Jackson, 983 So.2d at 573. Neither was the rule intended to bypass the “contemporaneous objection” requirement or to substitute for a collateral claim of ineffective assistance of counsel. Id. Because his three claims do not involve sentencing errors and were not preserved for appellate review, Appellant's sole remaining option on direct appeal is to show fundamental error.
The first issue is whether the trial court erred by revoking probation based on a violation of Condition (1), which required Appellant “[e]ach month ․ [to] make a full and truthful report to your Probation Officer on the form provided for that purpose.” “[P]robationers are entitled to notice ‘of what law the probationer is alleged to have violated.’ ” Andrews v. State, 693 So.2d 1138, 1141 (Fla. 1st DCA 1997) (quoting Burton v. State, 651 So.2d 793, 794 (Fla. 1st DCA 1995)). “[T]he language used in a condition of probation is determinative of a probationer's duties and responsibilities while on probation.” Stanley v. State, 922 So.2d 411, 414 (Fla. 5th DCA 2006). By its plain words, this condition relates only to the requirement to turn in to the probation officer each month a full, truthful form. In contrast, the affidavit of violation of probation alleged 1) not only Appellant's failure to make a full, truthful report to the probation officer on the form provided, 2) but also his failure to comply with the probation officer's instructions to report to the probation office sometime on the first through fifth day of each month.

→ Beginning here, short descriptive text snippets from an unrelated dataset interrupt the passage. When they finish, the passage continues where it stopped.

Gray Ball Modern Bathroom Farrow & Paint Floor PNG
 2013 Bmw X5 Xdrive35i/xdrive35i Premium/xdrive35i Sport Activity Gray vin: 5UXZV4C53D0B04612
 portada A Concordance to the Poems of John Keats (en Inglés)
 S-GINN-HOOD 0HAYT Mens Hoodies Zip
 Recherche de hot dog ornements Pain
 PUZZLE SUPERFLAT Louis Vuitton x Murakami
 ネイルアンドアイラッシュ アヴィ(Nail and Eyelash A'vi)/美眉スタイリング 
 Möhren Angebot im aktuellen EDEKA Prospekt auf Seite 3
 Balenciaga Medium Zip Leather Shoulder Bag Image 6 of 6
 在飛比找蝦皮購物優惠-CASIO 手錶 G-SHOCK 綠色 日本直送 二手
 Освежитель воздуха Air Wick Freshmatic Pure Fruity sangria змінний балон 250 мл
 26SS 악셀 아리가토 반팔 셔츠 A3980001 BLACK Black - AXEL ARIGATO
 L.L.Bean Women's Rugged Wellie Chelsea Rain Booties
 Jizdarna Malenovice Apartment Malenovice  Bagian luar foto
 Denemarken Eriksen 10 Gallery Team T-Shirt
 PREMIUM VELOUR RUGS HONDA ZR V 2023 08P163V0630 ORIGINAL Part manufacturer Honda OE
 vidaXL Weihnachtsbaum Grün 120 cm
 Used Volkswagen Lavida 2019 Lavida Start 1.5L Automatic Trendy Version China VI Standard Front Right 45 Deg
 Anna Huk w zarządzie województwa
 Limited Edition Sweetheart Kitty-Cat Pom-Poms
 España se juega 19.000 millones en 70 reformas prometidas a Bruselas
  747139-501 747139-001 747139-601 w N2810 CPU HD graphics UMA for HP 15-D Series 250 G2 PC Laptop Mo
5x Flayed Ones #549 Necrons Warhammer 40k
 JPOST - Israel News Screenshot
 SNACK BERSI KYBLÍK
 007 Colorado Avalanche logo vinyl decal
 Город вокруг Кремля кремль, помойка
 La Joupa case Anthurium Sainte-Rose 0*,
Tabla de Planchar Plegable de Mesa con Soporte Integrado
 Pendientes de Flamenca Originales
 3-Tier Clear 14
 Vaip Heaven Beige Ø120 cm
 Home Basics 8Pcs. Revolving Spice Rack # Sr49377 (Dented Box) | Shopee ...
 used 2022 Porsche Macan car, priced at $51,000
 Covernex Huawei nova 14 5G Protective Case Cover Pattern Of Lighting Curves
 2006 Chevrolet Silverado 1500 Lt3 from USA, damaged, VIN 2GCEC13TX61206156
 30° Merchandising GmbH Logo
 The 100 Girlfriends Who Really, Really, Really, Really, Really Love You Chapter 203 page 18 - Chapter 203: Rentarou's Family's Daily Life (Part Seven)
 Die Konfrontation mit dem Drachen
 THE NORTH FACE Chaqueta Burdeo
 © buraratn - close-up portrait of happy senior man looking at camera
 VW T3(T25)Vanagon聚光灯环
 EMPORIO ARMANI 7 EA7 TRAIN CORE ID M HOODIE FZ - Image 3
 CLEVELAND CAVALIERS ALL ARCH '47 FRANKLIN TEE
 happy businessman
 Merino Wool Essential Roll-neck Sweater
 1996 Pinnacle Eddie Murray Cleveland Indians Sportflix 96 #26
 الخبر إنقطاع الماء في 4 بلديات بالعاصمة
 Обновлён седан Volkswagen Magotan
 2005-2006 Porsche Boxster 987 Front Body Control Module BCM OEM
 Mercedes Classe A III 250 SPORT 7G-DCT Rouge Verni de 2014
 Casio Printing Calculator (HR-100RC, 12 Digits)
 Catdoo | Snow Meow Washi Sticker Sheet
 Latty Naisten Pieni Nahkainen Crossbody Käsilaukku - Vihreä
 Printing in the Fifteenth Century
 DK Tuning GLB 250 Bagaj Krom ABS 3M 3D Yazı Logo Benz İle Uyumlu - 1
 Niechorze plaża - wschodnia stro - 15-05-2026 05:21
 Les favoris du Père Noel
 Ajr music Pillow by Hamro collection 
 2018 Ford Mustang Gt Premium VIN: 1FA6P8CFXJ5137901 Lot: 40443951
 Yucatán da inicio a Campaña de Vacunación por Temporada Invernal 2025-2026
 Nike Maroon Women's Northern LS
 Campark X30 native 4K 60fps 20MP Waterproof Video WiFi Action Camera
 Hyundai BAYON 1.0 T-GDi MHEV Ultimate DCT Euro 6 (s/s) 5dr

This second, italicized allegation is not mentioned or required under Condition (1). “[T]he violation must mirror the language of the condition of probation allegedly violated.” Stanley, 922 So.2d at 415. The written transcript of the revocation hearing confirms Appellant's assertion that no competent, substantial evidence was adduced indicating that Appellant had failed to make a full, truthful monthly report on the form provided. In fact, the subject of a form to be submitted to the probation officer was not even addressed at the hearing. Thus, the State failed to show a willful, substantial violation of Condition (1). Stanley, 922 So.2d at 415 (stating that “[v]iolation of probation cases adhere to strict due process requirements attendant to criminal cases,” that “[a] probationer must be violated for the reasons stated in the affidavit filed,” and “the violation must mirror the language of the condition of probation allegedly violated”).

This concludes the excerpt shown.